[Source data]
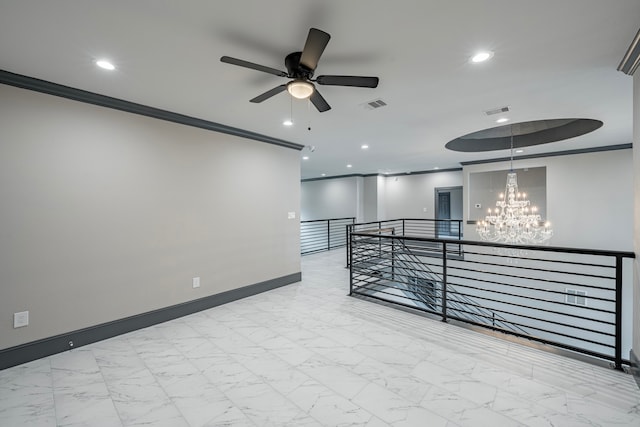 empty room featuring ceiling fan with notable chandelier and crown molding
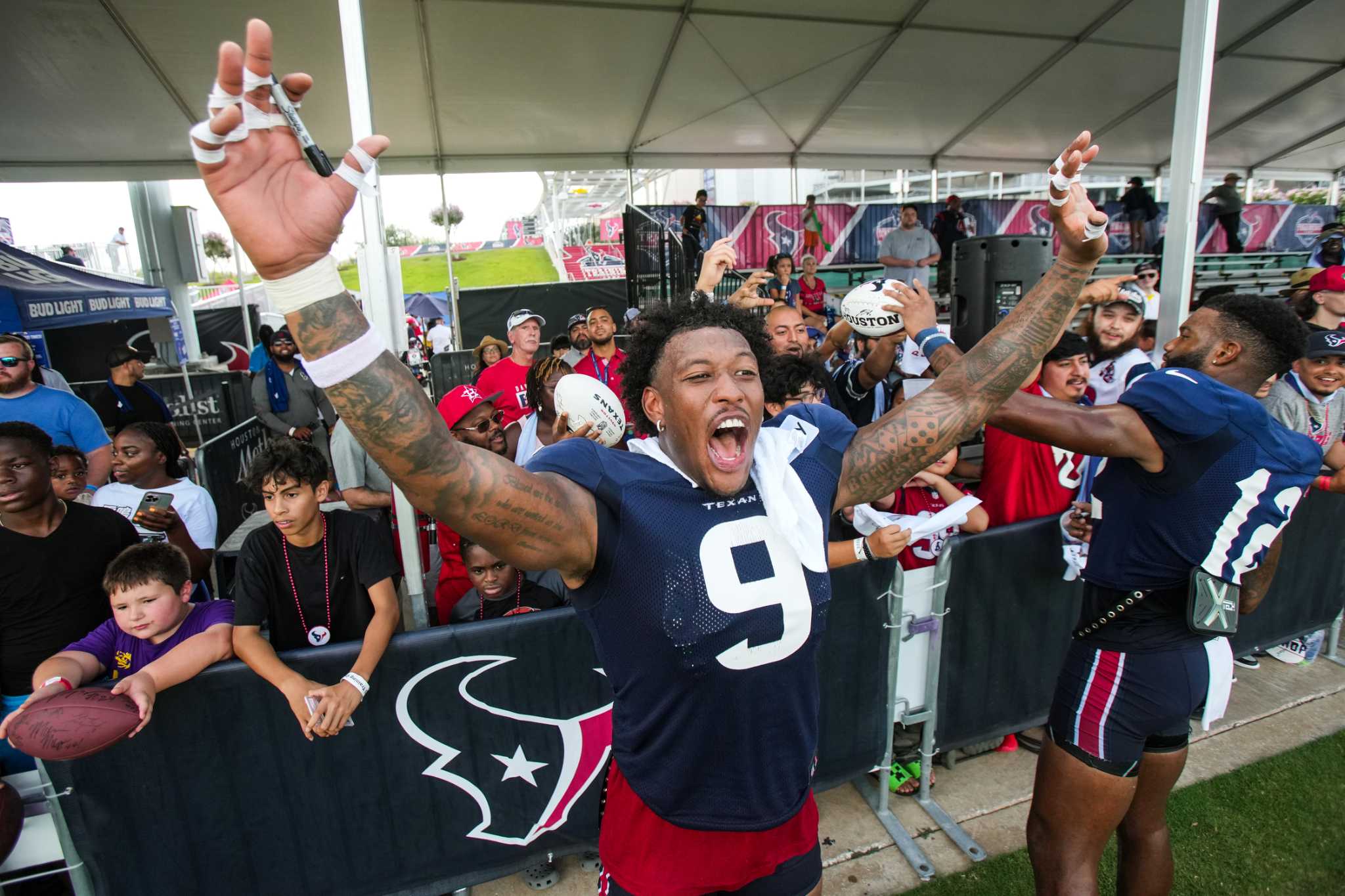 Houston Texans tight end Brevin Jordan (9) warms up before an NFL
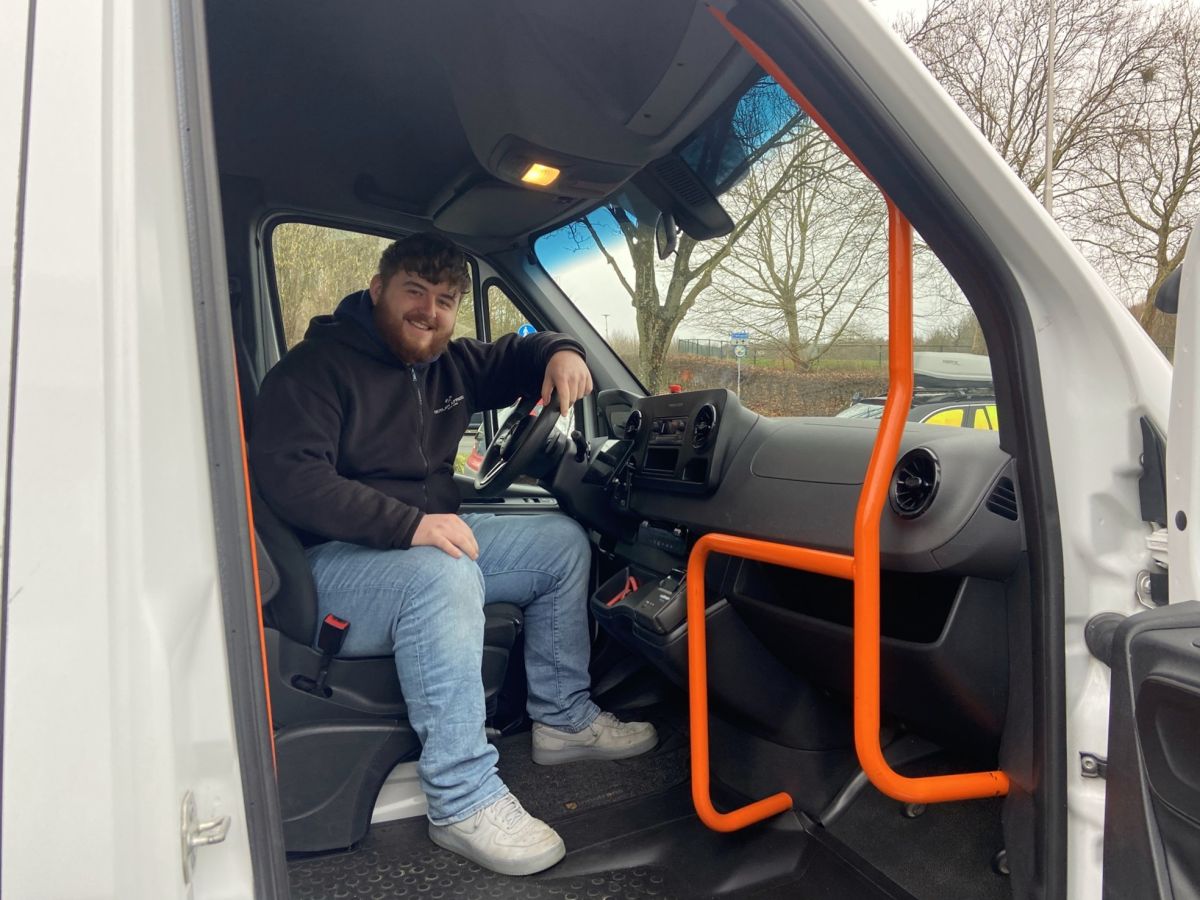 Skender achter het stuur als taxichauffeur in het groepsvervoer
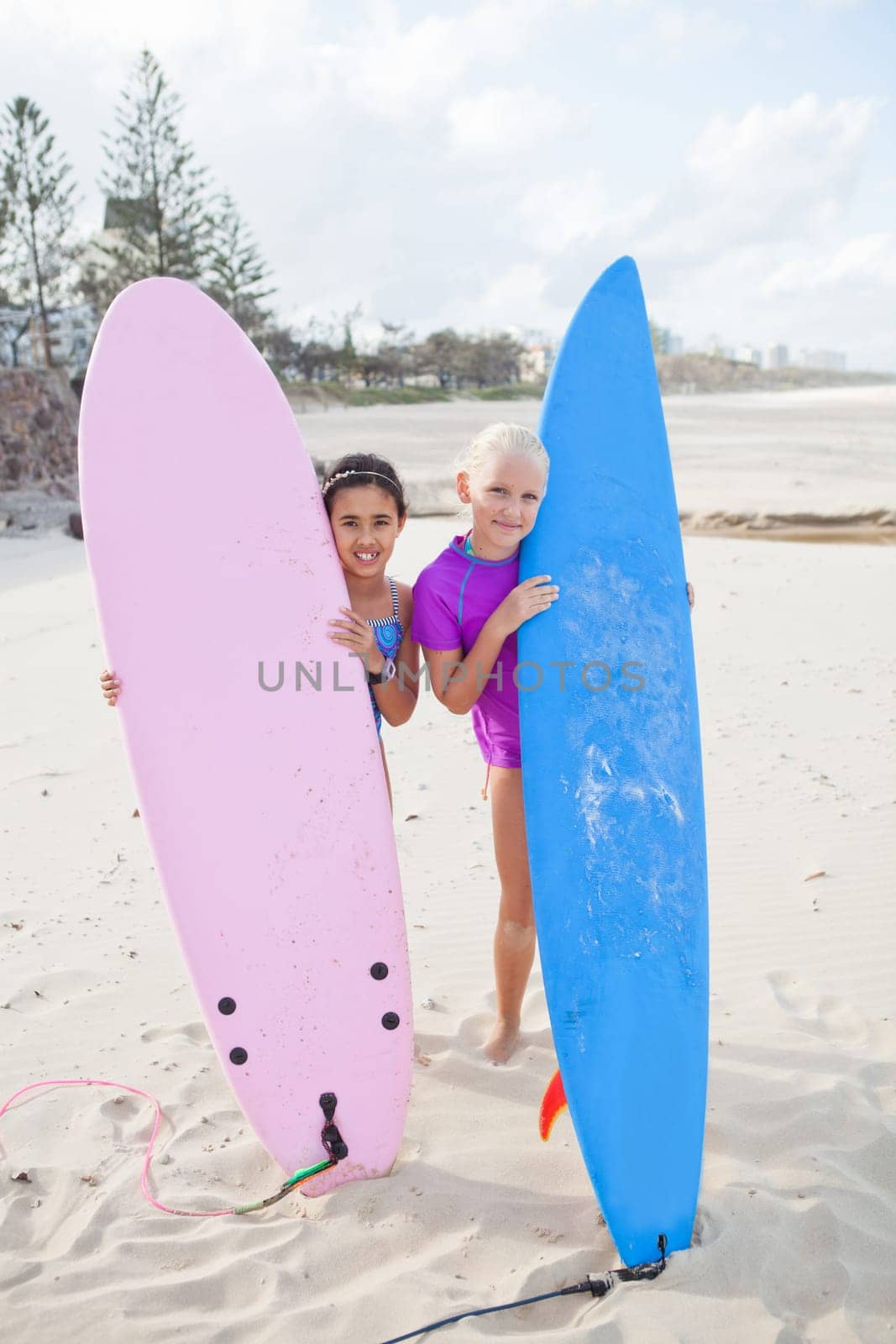 Two cute smiling young girls holding surfboards upright at the beach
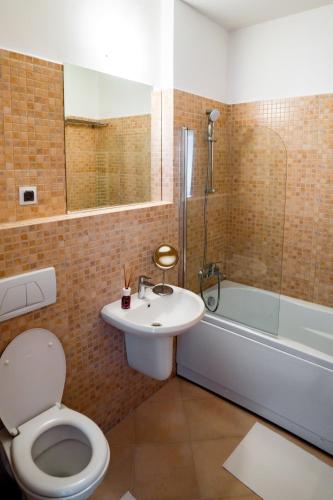a bathroom with a toilet and a sink and a tub at Elite Apartments Sinaia in Sinaia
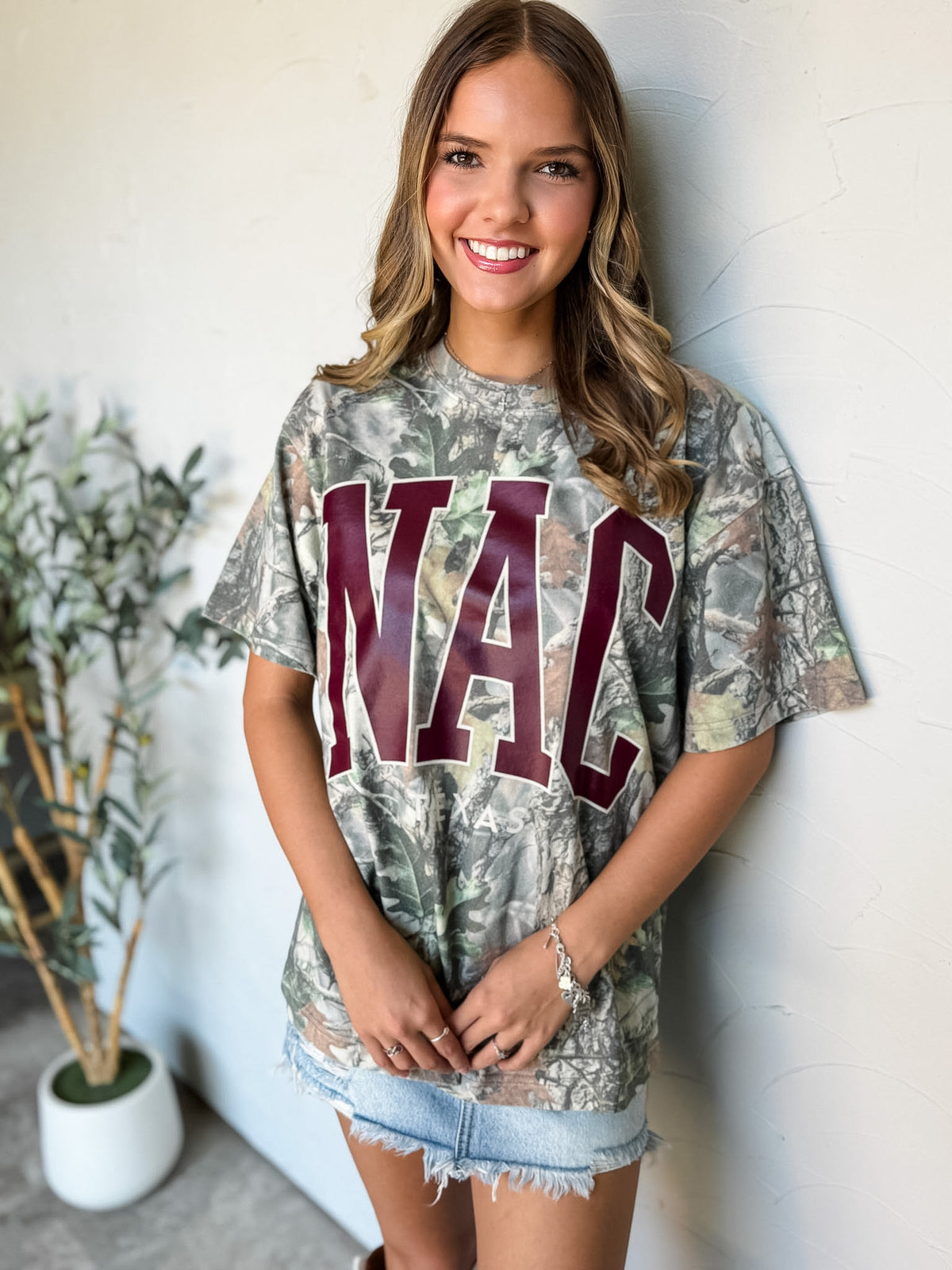 A woman wearing a camouflage graphic t-shirt with 'NAC' printed in maroon letters, paired with denim skirt, standing against a white wall.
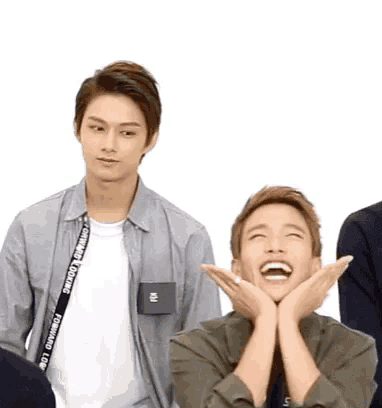 a group of young men are standing next to each other and one of them is laughing .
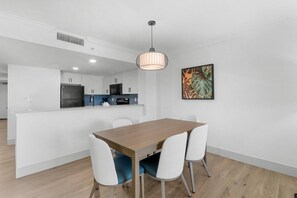 Enjoy meals in this stylish dining area with a wooden table and pendant light.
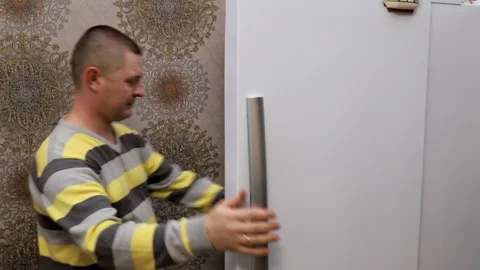 A man opens the refrigerator in the kitchen and takes a ripe tangerine from Stock Footage 167650463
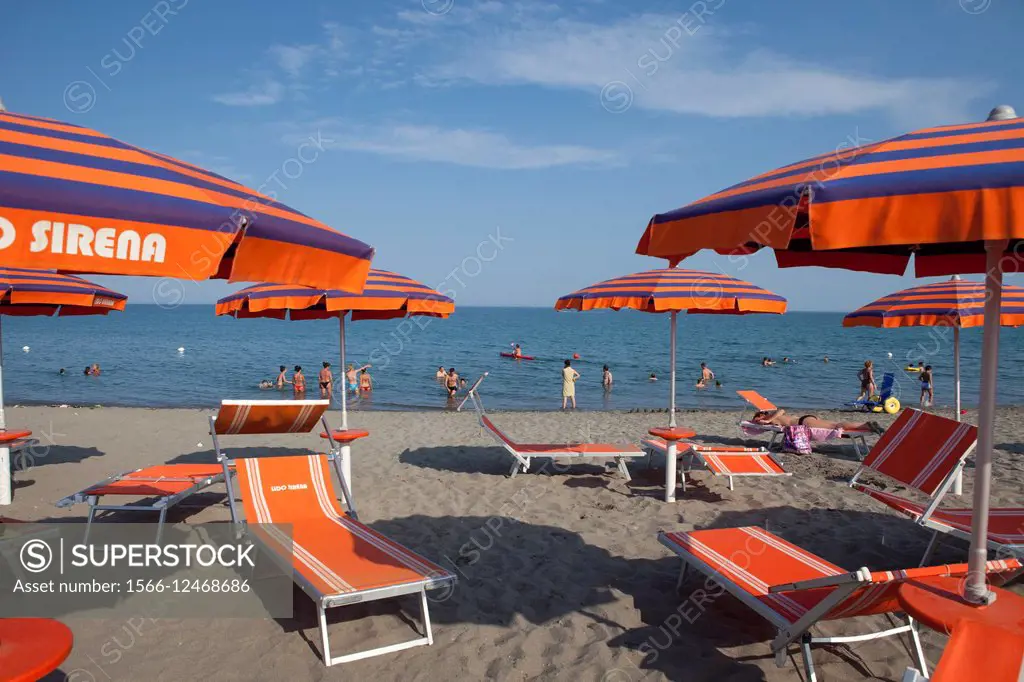Brightly colored umbrellas and beach chairs at a popular beach in Policoro, Basilicata, Italy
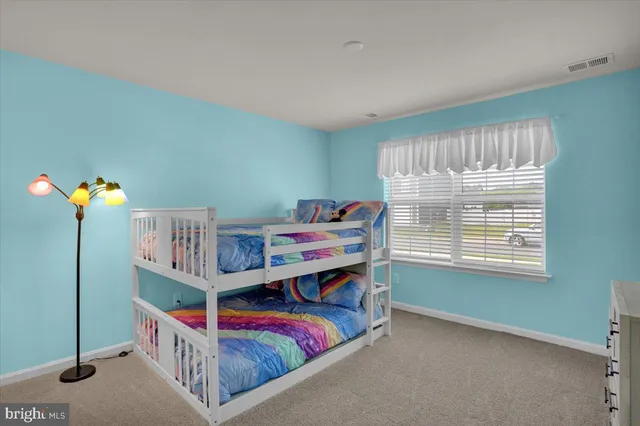 a bedroom with bunk bed
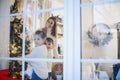 Little children helping parents to decorate Xmas tree, preparing house for Christmas and New Year Royalty Free Stock Photo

# BRIEF
Go to the line that contains "a bedroom with bunk bed" and copy exactly from there through the last line of the records above, both included. Omit pictures.

# ANSWER BOX
 a bedroom with bunk bed
 Little children helping parents to decorate Xmas tree, preparing house for Christmas and New Year Royalty Free Stock Photo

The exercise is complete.